(Scraped caption text data)
►
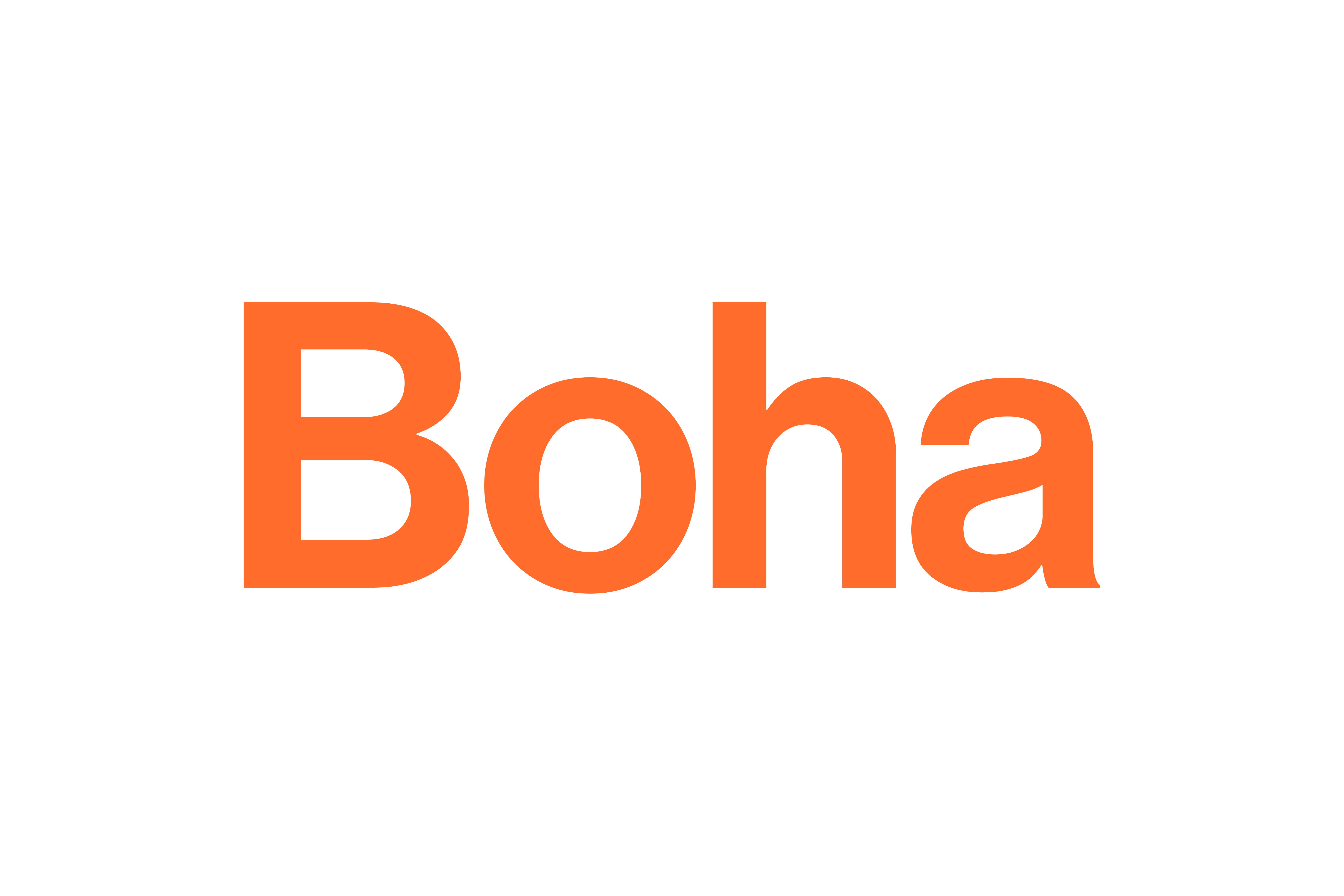 Read Boha Living Reviews
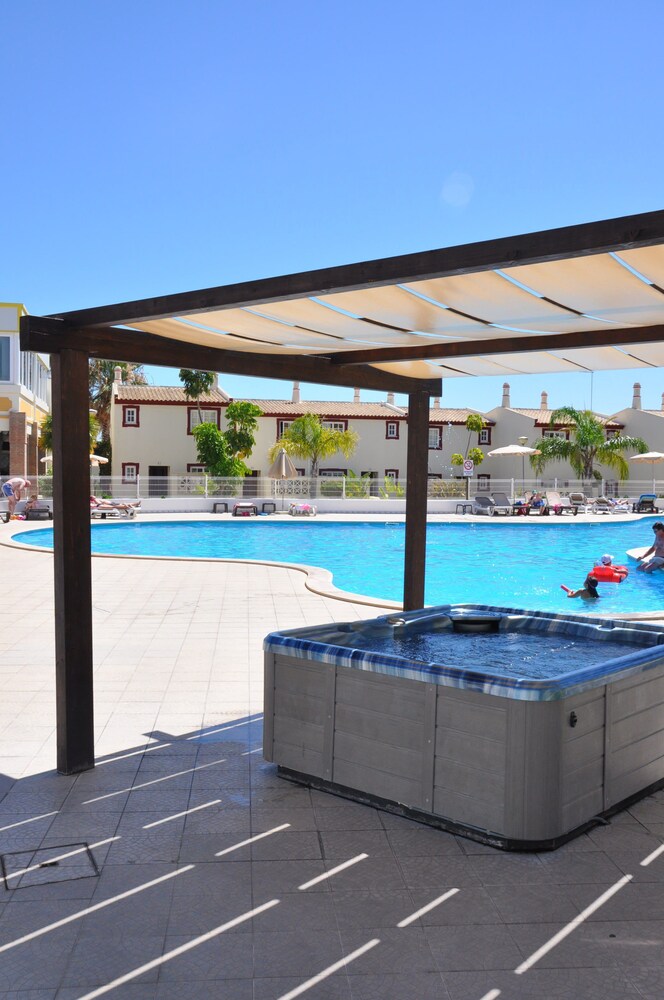 Foto - Ponta Grande Sao Rafael Resort by Umbral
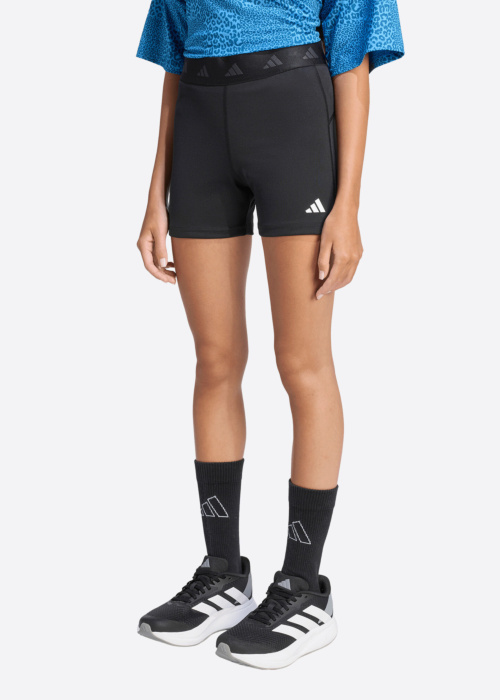 adidas lühikesed spordiretuusid Tf Leg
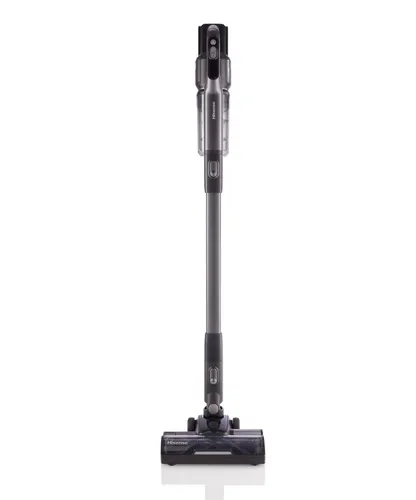 Odkurzacz HISENSE HFC743169BKA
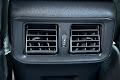 2024 Toyota RAV4 Prime SE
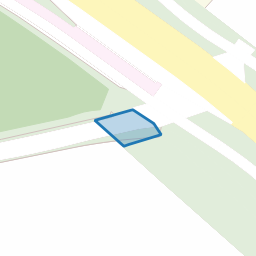 Perceel VAA00-F-955
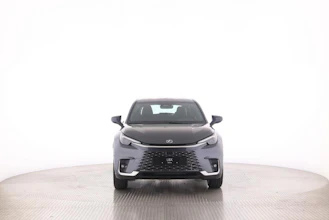 https://vehicle.imgix.net/4285680/979f3cc9-61c0-4496-b603-e53fd392416b.jpg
◄
● **Activity**
Start at the line holding "Odkurzacz HISENSE HFC743169BKA" and stop at the last line of the entries above. Repeat those lines exactly, pictures excluded.

● **Exercise solution**
 Odkurzacz HISENSE HFC743169BKA
 2024 Toyota RAV4 Prime SE
 Perceel VAA00-F-955
 https://vehicle.imgix.net/4285680/979f3cc9-61c0-4496-b603-e53fd392416b.jpg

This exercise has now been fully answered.